Top of Records for the exercise

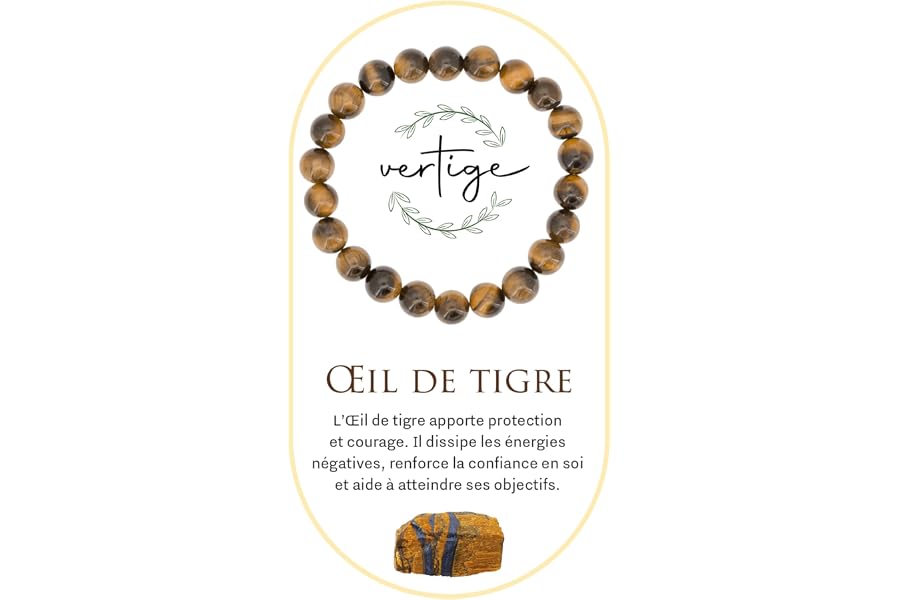 VERTIGE Bracelet de lithothérapie Pierres Naturelles Minérales, Source de bien être et Physique, Apporte TRANQUILLITÉ et LUCI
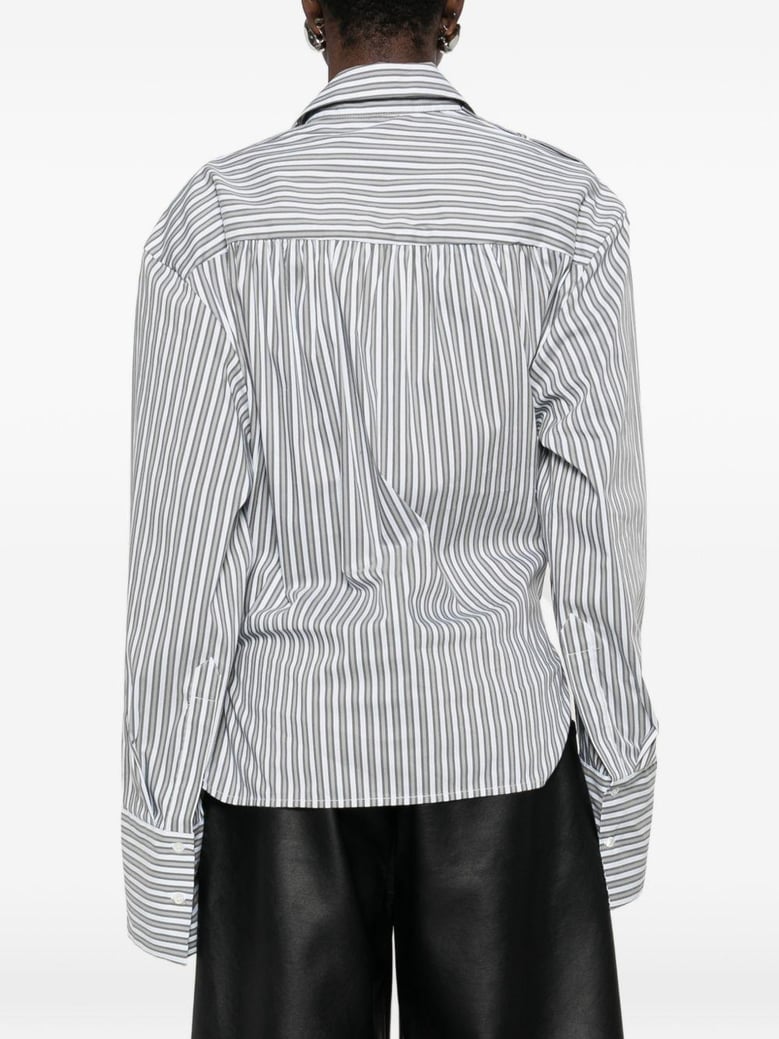lace striped cotton shirt by Selfnex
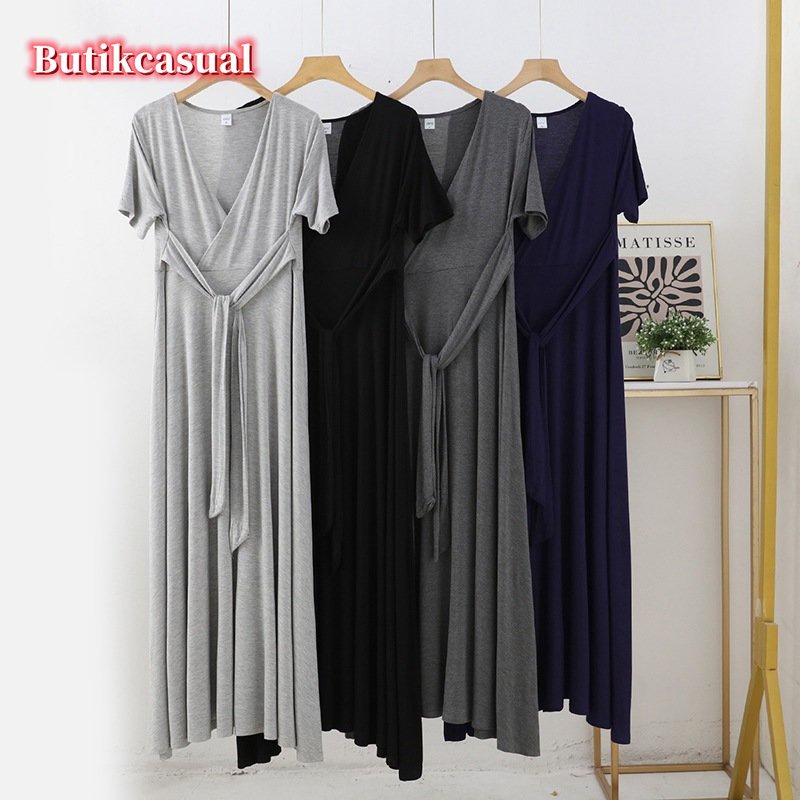 Đầm Cotton Trơn Mùa Hè 2023 Dáng Suông Tay Cộc Cổ Chữ V Thoải Mái Cho Nữ
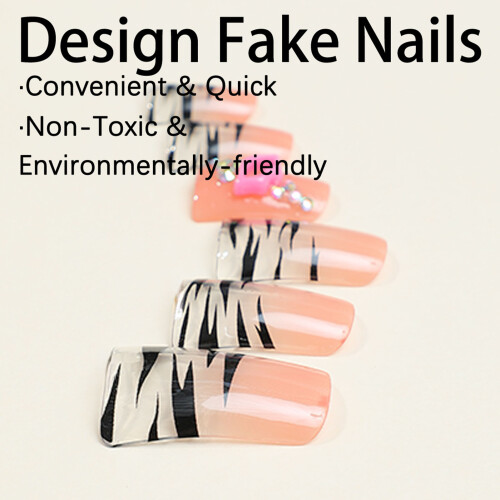 24pcs Leopard Print French Duck Nail Tips 1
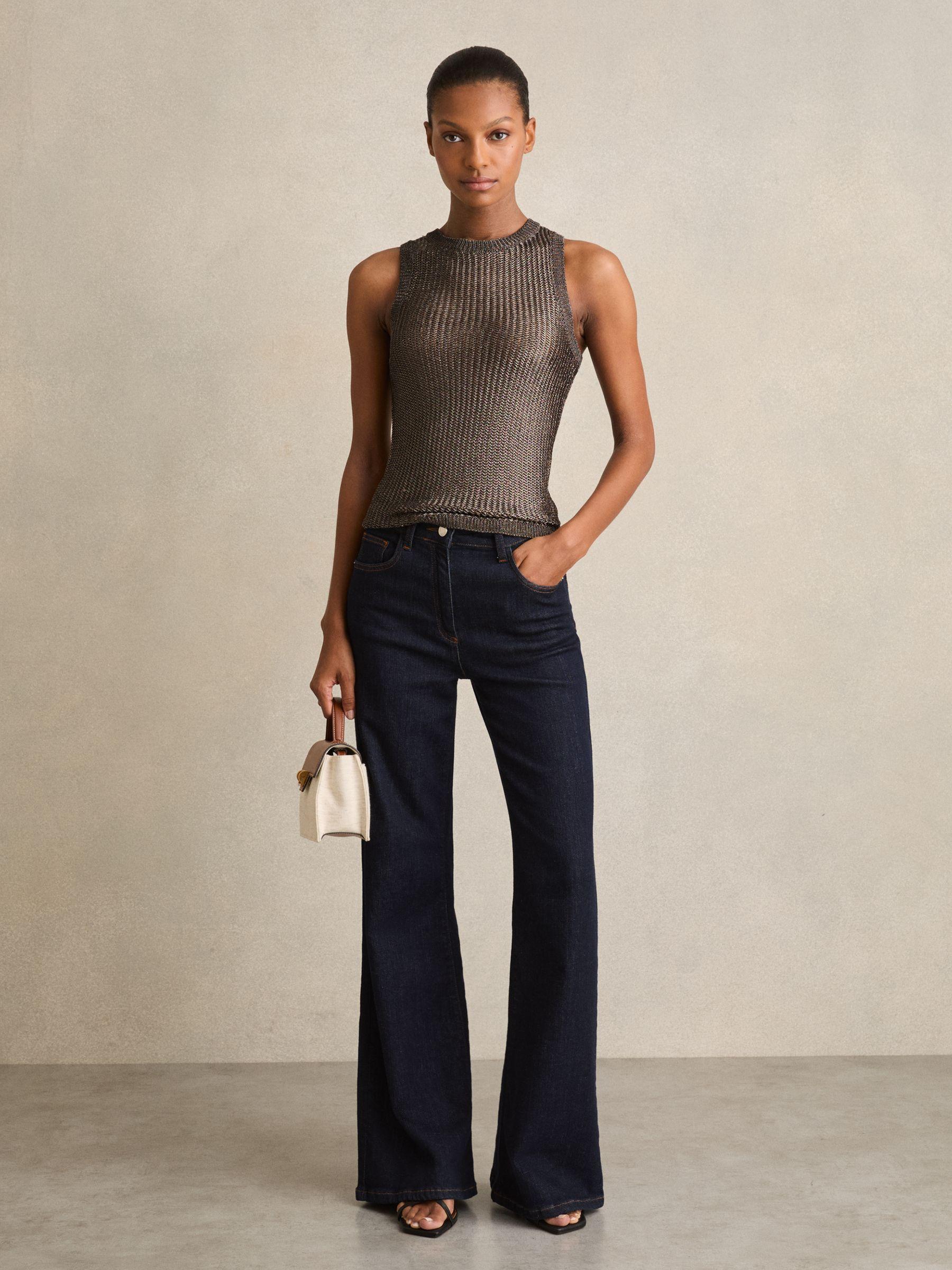 Metallic Knit Vest in Gunmetal Product Image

Bottom of Records for the exercise

**Problem details:** Write out every line of the entries above exactly, and omit their pictures.

**Result of this exercise:**
 VERTIGE Bracelet de lithothérapie Pierres Naturelles Minérales, Source de bien être et Physique, Apporte TRANQUILLITÉ et LUCI
lace striped cotton shirt by Selfnex
 Đầm Cotton Trơn Mùa Hè 2023 Dáng Suông Tay Cộc Cổ Chữ V Thoải Mái Cho Nữ
 24pcs Leopard Print French Duck Nail Tips 1
 Metallic Knit Vest in Gunmetal Product Image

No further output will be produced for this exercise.